[Start of Attachment]

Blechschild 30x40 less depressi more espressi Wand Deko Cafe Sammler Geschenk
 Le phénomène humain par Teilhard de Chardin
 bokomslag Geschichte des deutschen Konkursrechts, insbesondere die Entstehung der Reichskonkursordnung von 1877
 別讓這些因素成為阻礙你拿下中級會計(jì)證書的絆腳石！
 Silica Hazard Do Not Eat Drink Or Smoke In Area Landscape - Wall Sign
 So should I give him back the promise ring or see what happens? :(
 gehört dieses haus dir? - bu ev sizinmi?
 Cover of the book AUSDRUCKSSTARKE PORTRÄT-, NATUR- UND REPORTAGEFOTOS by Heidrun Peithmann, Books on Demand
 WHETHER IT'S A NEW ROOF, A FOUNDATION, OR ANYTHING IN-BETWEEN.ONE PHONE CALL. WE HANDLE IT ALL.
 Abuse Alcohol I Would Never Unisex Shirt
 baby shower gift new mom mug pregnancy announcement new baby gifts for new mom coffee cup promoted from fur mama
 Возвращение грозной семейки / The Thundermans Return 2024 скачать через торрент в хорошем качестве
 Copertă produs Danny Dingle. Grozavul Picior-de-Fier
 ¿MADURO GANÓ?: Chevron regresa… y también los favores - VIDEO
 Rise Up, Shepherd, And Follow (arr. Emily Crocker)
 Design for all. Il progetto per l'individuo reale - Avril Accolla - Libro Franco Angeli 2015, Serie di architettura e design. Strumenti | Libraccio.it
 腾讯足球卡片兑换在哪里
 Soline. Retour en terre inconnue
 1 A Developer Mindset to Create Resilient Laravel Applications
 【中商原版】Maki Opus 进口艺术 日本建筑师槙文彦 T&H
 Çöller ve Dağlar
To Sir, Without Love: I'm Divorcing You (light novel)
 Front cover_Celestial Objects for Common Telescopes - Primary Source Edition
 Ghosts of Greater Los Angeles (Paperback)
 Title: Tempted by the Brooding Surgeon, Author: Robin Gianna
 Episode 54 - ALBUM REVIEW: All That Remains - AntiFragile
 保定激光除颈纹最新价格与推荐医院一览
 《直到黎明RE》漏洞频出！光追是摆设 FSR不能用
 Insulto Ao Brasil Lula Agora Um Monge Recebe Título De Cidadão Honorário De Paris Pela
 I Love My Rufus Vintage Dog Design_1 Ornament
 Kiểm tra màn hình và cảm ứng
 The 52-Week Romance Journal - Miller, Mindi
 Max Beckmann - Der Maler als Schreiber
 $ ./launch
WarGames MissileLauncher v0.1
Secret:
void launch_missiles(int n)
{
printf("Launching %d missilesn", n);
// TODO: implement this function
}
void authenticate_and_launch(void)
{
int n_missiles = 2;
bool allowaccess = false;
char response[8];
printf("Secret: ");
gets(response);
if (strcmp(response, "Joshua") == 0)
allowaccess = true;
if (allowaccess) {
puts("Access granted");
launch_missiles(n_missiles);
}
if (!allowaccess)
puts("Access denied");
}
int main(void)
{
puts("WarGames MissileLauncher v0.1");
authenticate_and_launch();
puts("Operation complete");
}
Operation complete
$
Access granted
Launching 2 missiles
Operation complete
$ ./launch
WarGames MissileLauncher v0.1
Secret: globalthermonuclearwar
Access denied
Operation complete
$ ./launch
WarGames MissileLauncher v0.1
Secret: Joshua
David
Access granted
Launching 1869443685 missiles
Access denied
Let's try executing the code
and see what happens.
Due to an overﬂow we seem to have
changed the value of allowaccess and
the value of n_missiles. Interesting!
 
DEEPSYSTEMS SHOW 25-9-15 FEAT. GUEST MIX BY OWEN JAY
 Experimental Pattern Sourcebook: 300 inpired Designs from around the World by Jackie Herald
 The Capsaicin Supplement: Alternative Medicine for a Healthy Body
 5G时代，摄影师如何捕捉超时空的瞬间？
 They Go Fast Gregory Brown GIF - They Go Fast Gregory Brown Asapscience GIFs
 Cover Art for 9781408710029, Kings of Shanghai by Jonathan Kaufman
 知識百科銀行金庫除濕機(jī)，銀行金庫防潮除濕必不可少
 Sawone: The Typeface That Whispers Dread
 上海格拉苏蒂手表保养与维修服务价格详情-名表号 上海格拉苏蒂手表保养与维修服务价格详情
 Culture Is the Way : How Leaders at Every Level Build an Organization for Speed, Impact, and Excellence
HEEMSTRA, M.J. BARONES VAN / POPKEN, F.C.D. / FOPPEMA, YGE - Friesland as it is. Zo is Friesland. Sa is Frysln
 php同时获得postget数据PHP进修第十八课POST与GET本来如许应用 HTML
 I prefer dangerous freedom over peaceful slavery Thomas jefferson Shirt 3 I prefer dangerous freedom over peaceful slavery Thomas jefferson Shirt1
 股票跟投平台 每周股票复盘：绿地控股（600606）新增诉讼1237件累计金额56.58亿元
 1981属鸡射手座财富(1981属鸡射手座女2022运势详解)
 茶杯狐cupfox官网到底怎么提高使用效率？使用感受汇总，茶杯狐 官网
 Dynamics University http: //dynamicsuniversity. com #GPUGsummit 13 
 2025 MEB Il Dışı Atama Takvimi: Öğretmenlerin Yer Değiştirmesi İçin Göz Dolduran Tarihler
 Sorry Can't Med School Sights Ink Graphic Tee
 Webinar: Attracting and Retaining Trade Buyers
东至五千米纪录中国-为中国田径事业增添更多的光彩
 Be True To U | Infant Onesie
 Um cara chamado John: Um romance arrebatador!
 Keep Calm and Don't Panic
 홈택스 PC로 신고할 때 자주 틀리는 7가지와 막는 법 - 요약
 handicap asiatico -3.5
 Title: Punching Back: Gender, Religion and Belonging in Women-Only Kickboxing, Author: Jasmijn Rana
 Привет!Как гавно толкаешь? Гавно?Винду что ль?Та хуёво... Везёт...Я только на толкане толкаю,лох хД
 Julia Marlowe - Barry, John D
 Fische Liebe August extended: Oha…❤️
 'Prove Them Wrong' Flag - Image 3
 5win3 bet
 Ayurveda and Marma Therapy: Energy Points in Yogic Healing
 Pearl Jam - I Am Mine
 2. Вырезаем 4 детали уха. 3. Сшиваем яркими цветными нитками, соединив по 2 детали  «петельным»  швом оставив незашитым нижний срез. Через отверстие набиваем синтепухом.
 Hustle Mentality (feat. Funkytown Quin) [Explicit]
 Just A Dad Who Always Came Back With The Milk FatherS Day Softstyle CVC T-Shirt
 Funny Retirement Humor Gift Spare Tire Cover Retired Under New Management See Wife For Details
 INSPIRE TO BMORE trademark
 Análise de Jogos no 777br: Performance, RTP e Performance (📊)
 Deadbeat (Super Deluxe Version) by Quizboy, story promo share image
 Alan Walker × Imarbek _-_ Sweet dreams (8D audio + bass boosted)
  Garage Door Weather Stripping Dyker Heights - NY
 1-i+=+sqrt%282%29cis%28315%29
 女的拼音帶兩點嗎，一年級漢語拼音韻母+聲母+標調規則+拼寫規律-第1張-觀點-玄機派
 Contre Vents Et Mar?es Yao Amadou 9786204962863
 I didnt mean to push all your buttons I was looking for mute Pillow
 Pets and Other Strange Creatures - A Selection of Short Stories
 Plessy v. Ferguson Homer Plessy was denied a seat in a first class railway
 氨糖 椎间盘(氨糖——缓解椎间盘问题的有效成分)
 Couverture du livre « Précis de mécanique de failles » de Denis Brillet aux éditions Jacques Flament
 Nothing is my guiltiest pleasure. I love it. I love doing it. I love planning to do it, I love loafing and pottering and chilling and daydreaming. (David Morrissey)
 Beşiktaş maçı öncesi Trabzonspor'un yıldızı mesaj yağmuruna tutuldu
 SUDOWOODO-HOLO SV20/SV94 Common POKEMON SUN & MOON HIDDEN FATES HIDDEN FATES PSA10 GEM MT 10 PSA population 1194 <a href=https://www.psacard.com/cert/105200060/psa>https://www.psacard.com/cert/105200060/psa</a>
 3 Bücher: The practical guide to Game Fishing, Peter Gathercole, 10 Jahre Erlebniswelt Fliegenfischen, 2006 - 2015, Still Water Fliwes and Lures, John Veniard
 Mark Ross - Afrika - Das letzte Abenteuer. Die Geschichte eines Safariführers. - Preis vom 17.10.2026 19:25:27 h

[End of Attachment]

• **Exercise goal**:
Each line above from the one with "Keep Calm and Don't Panic" up to and including the one with "Pearl Jam - I Am Mine" must be set down exactly, and no line outside that span may appear.

• **Result**:
 Keep Calm and Don't Panic
 홈택스 PC로 신고할 때 자주 틀리는 7가지와 막는 법 - 요약
 handicap asiatico -3.5
 Title: Punching Back: Gender, Religion and Belonging in Women-Only Kickboxing, Author: Jasmijn Rana
 Привет!Как гавно толкаешь? Гавно?Винду что ль?Та хуёво... Везёт...Я только на толкане толкаю,лох хД
 Julia Marlowe - Barry, John D
 Fische Liebe August extended: Oha…❤️
 'Prove Them Wrong' Flag - Image 3
 5win3 bet
 Ayurveda and Marma Therapy: Energy Points in Yogic Healing
 Pearl Jam - I Am Mine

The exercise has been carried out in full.